The vocabulary of Animal Flow might confound a newbie, but Swetha says that this is a practice that anyone can follow — a child or an older adult. “Animal Flow can be made accessible to anyone. Since there is no external load on the body, it can be practised even by a 90-year-old,” she says. She also points out that Animal Flow can particularly benefit athletes who are in pursuit of a holistic discipline. “I am a runner. And I also lift weights. But before I started Animal Flow, I was very stiff. At one point in my life, I developed an ankle injury and I couldn’t run anymore. After doing Animal Flow, my mobility became better and I could slowly start running again. I also became more flexible,” says Swetha, a vascular radiologist-turned-fitness professional. “As a doctor, I was in disease care. But now I prefer being in a place where I can show people how not to get there,” she says, adding that it is also important to have fun while working out. And through Animal Flow, she says she has found that.

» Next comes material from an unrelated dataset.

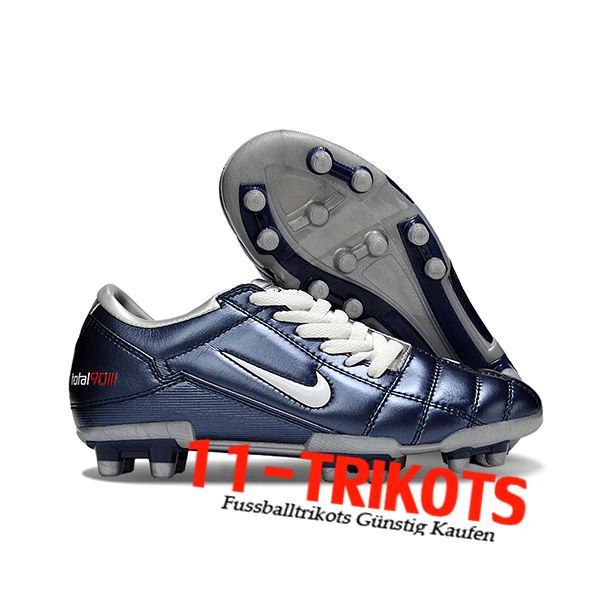 Nike Fussballschuhe T90 FG Blau/Weiß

Devrath, who was also once a computer science engineer, believes that fitness has changed his life. At the Academy of Fitness studio in Indiranagar, he teaches unconventional fitness techniques like ninja workouts and wall climbing apart from Animal Flow.
He is sprightly as he heads back to the rubberised floor with Swetha. It is raining cats and dogs outside, and indoors the duo are rolling with the ape, the crab and the beast. They seem blissful since they have found their flow.